Please reproduce the listing word for word. Pictures stay out.
#### RECORDS PROVIDED
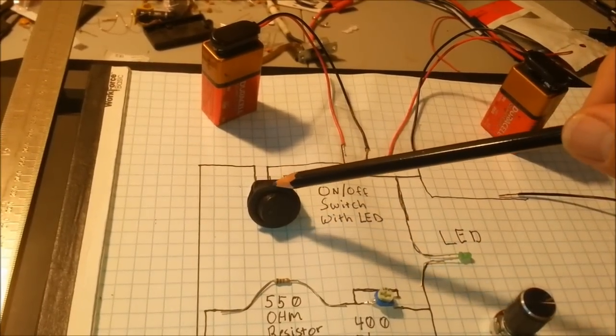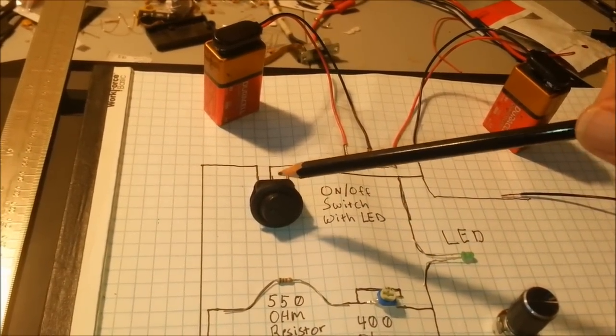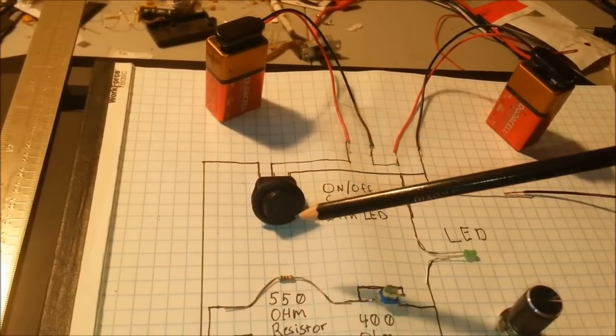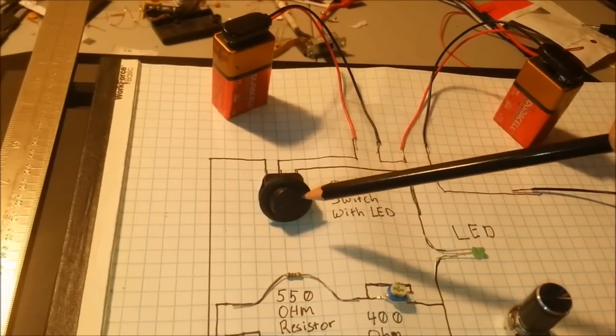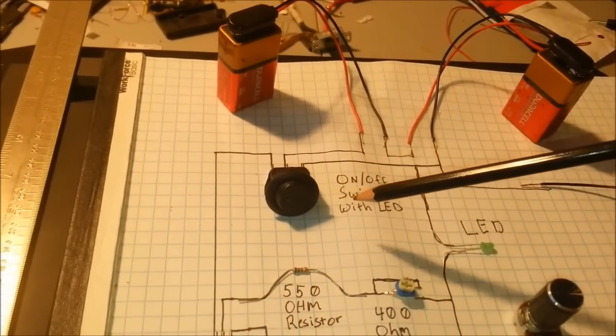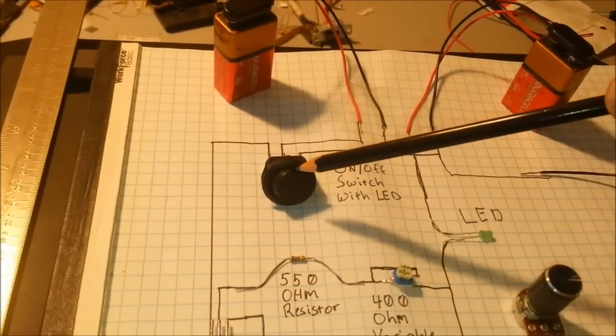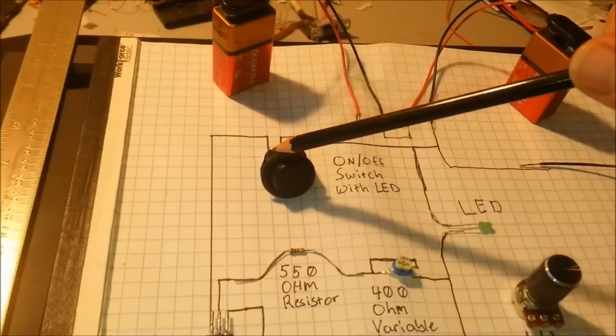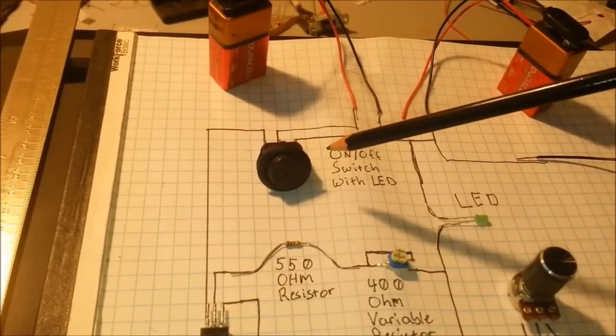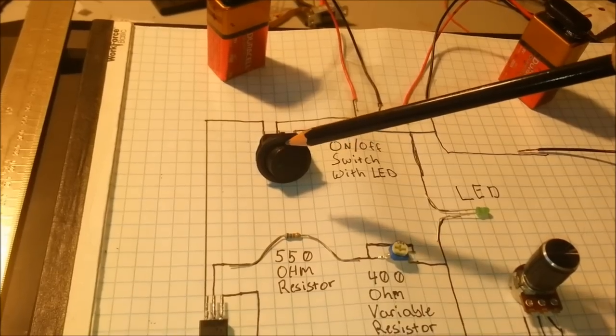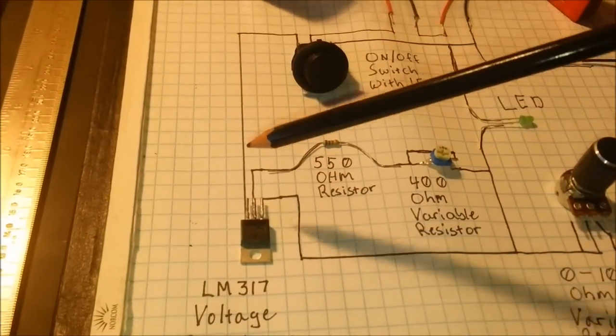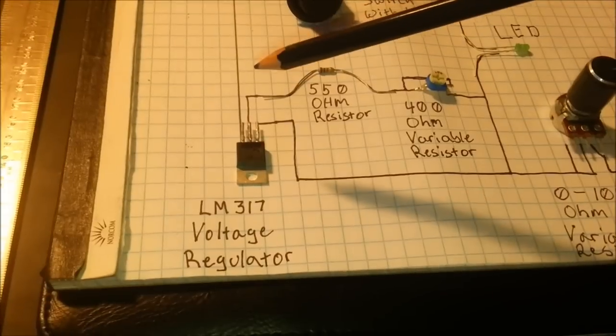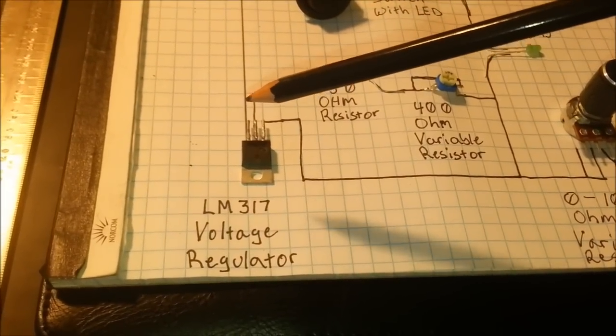So then you got your positive coming off to the middle lead of a switch. You can use whatever kind of switch you want. I used one that had an LED in it, so one of the leads or terminals is going to go to ground for the LED, and then the other one will be power out. So that's my power on-off switch. I like having the LED to know when my power is on.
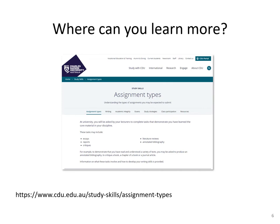One place to begin as you get a handle on lecturer expectations is to go onto our study skills page and have a look at the assignment types listed there. Start reading about the different types, look at some examples, and begin to unpack what's involved with the different assignments here at CDU.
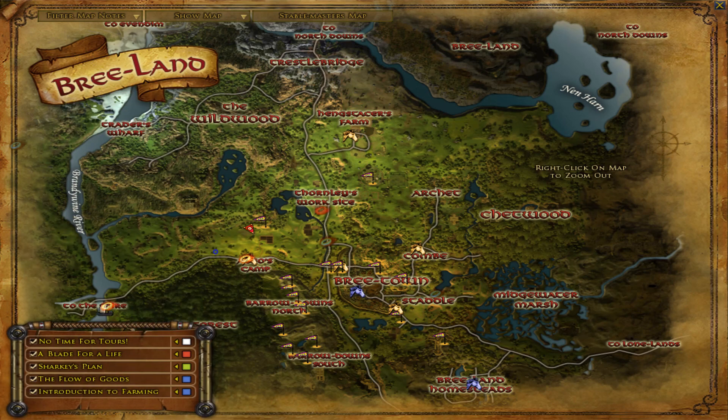Usually these highlights will point to where you have to go. Occasionally they will point to the NPC that gave the quest to you — it's a mistake that sometimes happens with the quests. But that's just how it is.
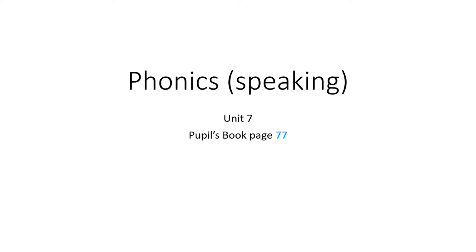Hello boys and girls. Today we are going to talk about phonics or the speaking from your pupil's book, page 77.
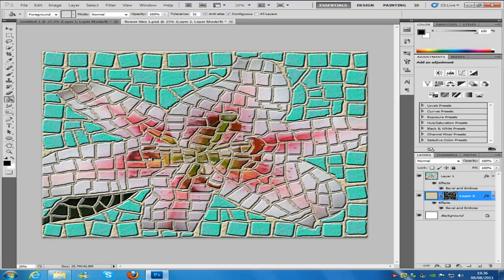In the source files, I'll put a few flower images that you can experiment and play with and practice on. I'll also put the brush in there just in case you couldn't create the brush yourself or had some problems creating it.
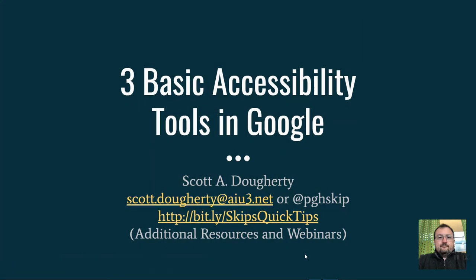Welcome to Three Basic Accessibility Tools in Google. My name is Scott Dougherty. I am an Assistive Technology Consultant for the Allegheny Intermediate Unit in Pittsburgh, Pennsylvania.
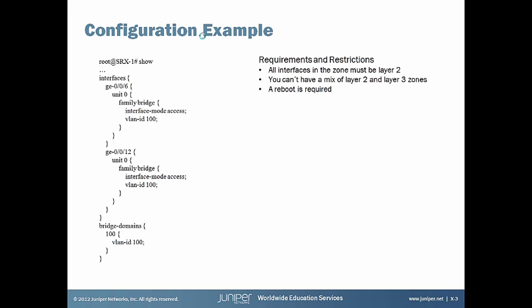Some requirements and restrictions. All interfaces in the zone must be layer 2. You can't have a mix of layer 2 and layer 3 zones. And then also a reboot is required. So once you make this configuration, you're going to have to reboot the SRX.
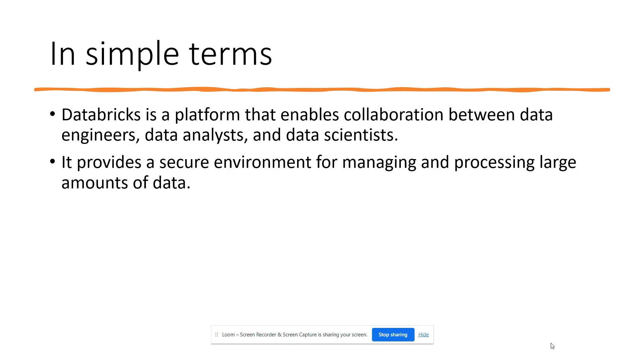It provides a secure environment for managing and processing large amounts of data. We can host our Databricks in AWS, GCP, or Azure, which are the most secure cloud platforms to today's date.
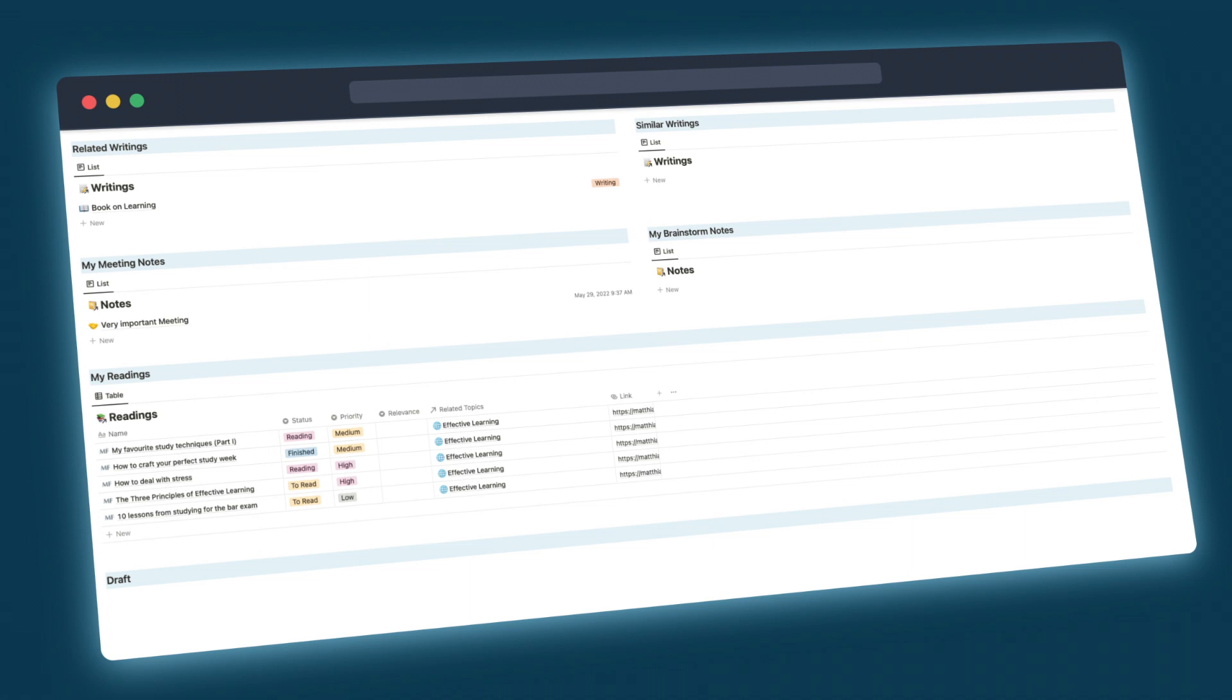Hello and welcome to this video where you will learn how you can easily write your academic papers in Notion. But first, why would you even use Notion for that?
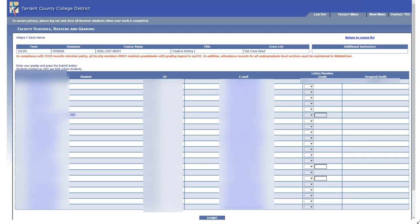Hey everyone, it's Allegra Davis Hanna, and this is a quick video to make sure everybody understands entering grades into WebAdvisor.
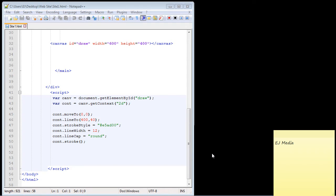In the last video, we added our first line using HTML Canvas. In this video, we're going to learn how to add an additional line, because ultimately we want to learn how to add multiple lines so we can begin to make shapes.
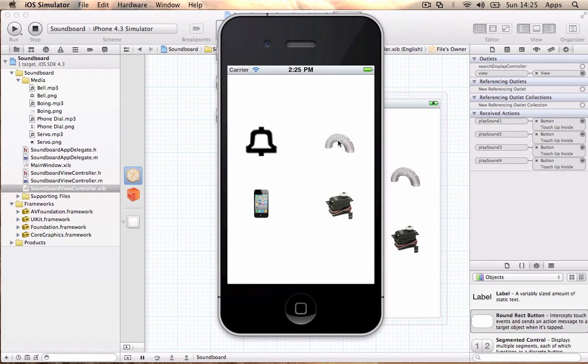This has been an Encore Dev tutorial on how to make a soundboard application for the iPhone on Xcode. Please like, favorite, comment, and subscribe. I'll catch you in the next tutorial. It's been Encore Dev and I'm out. Peace.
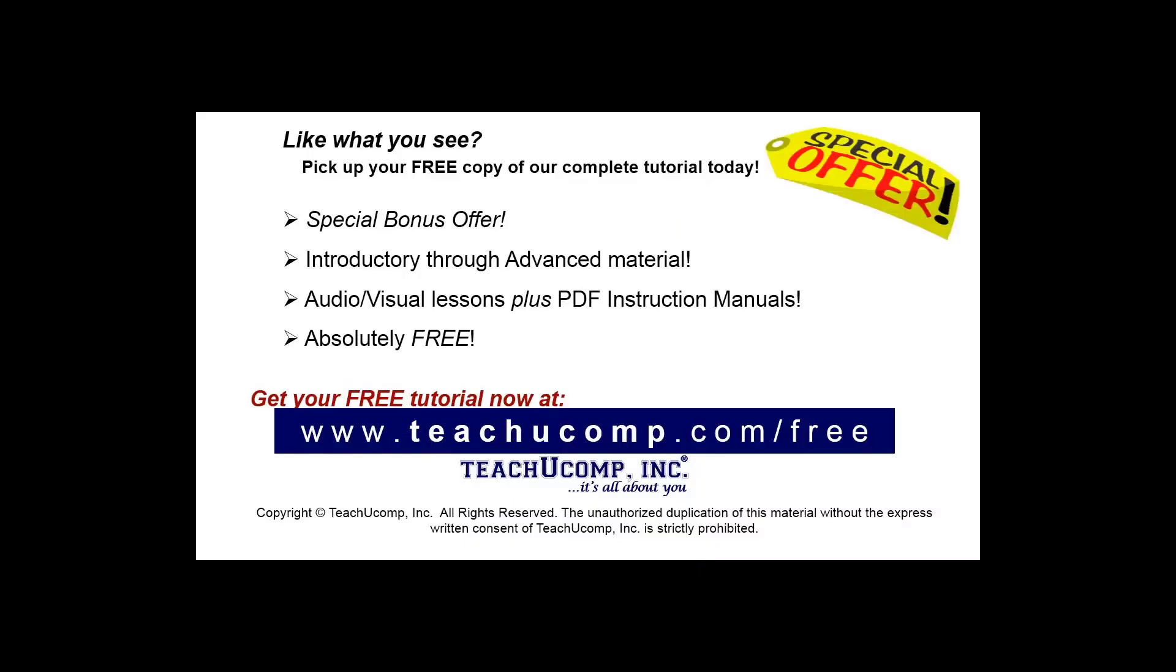Like what you see? Pick up your free copy of the complete tutorial at www.teachucomp.com/free.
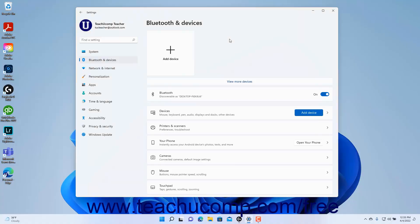To manage the Pen and Windows Ink settings in Windows 11, open the Settings app window and then click the Bluetooth and Devices button at the left side of the screen.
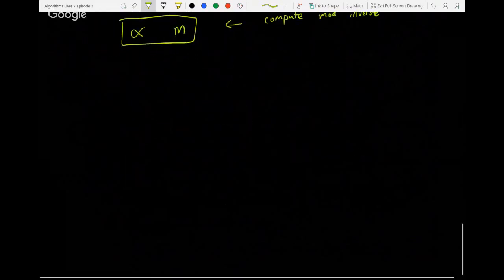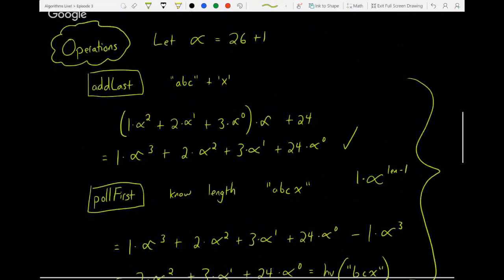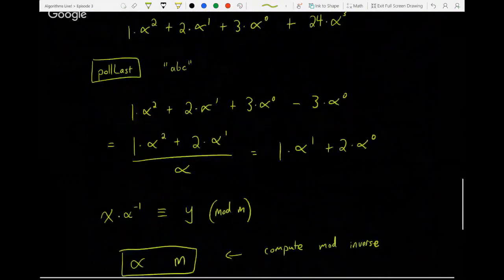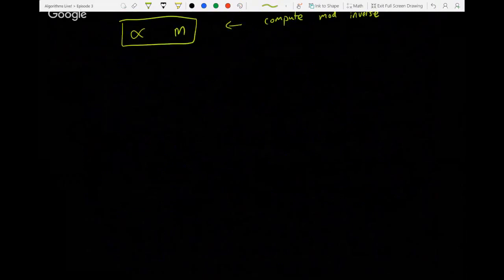So those are our four operations: addLast, pullFirst, addFirst, and pullLast. That gives us a good starting place for rolling hashes. Now let's talk about the probability that two things collide when computing under a modulus.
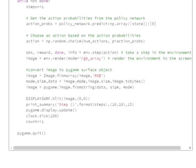Now using this image that we have got, we are first of all converting this numpy array—it is a numpy array, basically a three-dimensional numpy array—we are converting it into an image object and then eventually we are converting it into a Pygame surface object using this particular step.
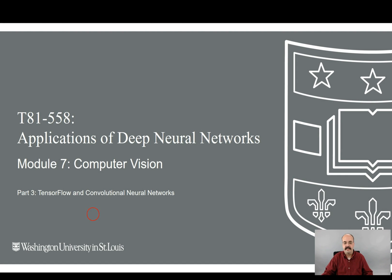Hi, this is Jeff Heaton. Welcome to Applications of Deep Neural Networks with Washington University. This is Module 7, Computer Vision, Part 3, TensorFlow and Convolutional Neural Networks.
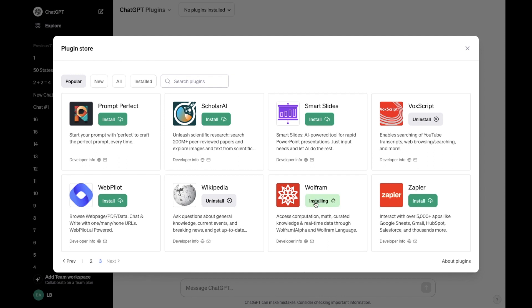It's now going to take a couple seconds to install the Wolfram plugin into your ChatGPT. Once it is installed, it should say uninstall right here.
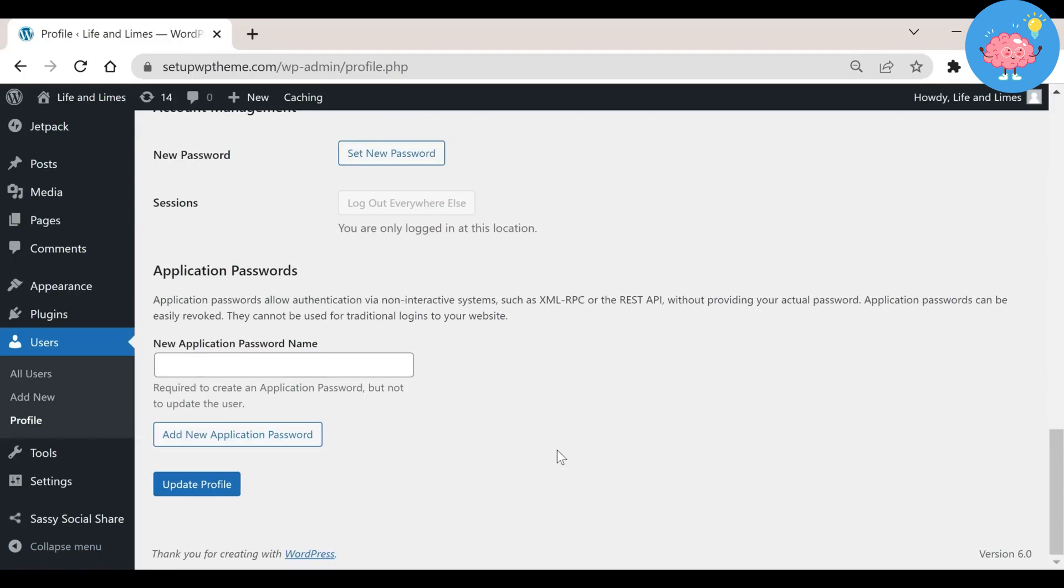That's it, that's how easy it is to change your password on your WordPress site. I hope this video was helpful. If it is, like this video and subscribe to the channel. Thank you.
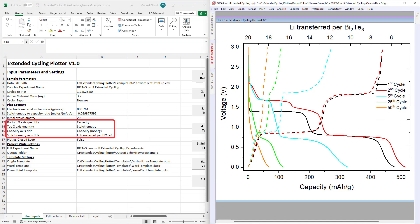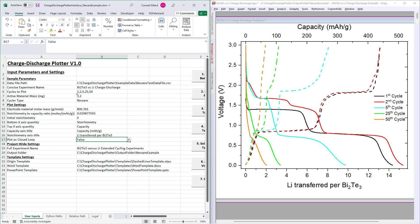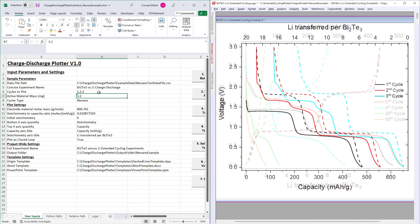Next, enter the quantities that you wish to plot on the top and bottom axes, and the titles that you wish to appear for each of these. Next, specify whether you wish the graphs to be plotted in a closed loop form. This is a format of graph that is typically used when consecutive cycles are plotted.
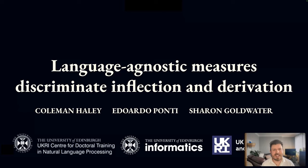Hello, my name is Coleman Haley, and today I'm going to be talking to you about this work entitled Language Agnostic Measures Discriminate Inflection and Derivation.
########
> **COMPLETED TASK**:
So then you got your positive coming off to the middle lead of a switch. You can use whatever kind of switch you want. I used one that had an LED in it, so one of the leads or terminals is going to go to ground for the LED, and then the other one will be power out. So that's my power on-off switch. I like having the LED to know when my power is on.
One place to begin as you get a handle on lecturer expectations is to go onto our study skills page and have a look at the assignment types listed there. Start reading about the different types, look at some examples, and begin to unpack what's involved with the different assignments here at CDU.
Usually these highlights will point to where you have to go. Occasionally they will point to the NPC that gave the quest to you — it's a mistake that sometimes happens with the quests. But that's just how it is.
Hello boys and girls. Today we are going to talk about phonics or the speaking from your pupil's book, page 77.
In the source files, I'll put a few flower images that you can experiment and play with and practice on. I'll also put the brush in there just in case you couldn't create the brush yourself or had some problems creating it.
Welcome to Three Basic Accessibility Tools in Google. My name is Scott Dougherty. I am an Assistive Technology Consultant for the Allegheny Intermediate Unit in Pittsburgh, Pennsylvania.
Some requirements and restrictions. All interfaces in the zone must be layer 2. You can't have a mix of layer 2 and layer 3 zones. And then also a reboot is required. So once you make this configuration, you're going to have to reboot the SRX.
It provides a secure environment for managing and processing large amounts of data. We can host our Databricks in AWS, GCP, or Azure, which are the most secure cloud platforms to today's date.
Hello and welcome to this video where you will learn how you can easily write your academic papers in Notion. But first, why would you even use Notion for that?
Hey everyone, it's Allegra Davis Hanna, and this is a quick video to make sure everybody understands entering grades into WebAdvisor.
In the last video, we added our first line using HTML Canvas. In this video, we're going to learn how to add an additional line, because ultimately we want to learn how to add multiple lines so we can begin to make shapes.
This has been an Encore Dev tutorial on how to make a soundboard application for the iPhone on Xcode. Please like, favorite, comment, and subscribe. I'll catch you in the next tutorial. It's been Encore Dev and I'm out. Peace.
Like what you see? Pick up your free copy of the complete tutorial at www.teachucomp.com/free.
To manage the Pen and Windows Ink settings in Windows 11, open the Settings app window and then click the Bluetooth and Devices button at the left side of the screen.
So those are our four operations: addLast, pullFirst, addFirst, and pullLast. That gives us a good starting place for rolling hashes. Now let's talk about the probability that two things collide when computing under a modulus.
Now using this image that we have got, we are first of all converting this numpy array—it is a numpy array, basically a three-dimensional numpy array—we are converting it into an image object and then eventually we are converting it into a Pygame surface object using this particular step.
Hi, this is Jeff Heaton. Welcome to Applications of Deep Neural Networks with Washington University. This is Module 7, Computer Vision, Part 3, TensorFlow and Convolutional Neural Networks.
It's now going to take a couple seconds to install the Wolfram plugin into your ChatGPT. Once it is installed, it should say uninstall right here.
That's it, that's how easy it is to change your password on your WordPress site. I hope this video was helpful. If it is, like this video and subscribe to the channel. Thank you.
Next, enter the quantities that you wish to plot on the top and bottom axes, and the titles that you wish to appear for each of these. Next, specify whether you wish the graphs to be plotted in a closed loop form. This is a format of graph that is typically used when consecutive cycles are plotted.
Hello, my name is Coleman Haley, and today I'm going to be talking to you about this work entitled Language Agnostic Measures Discriminate Inflection and Derivation.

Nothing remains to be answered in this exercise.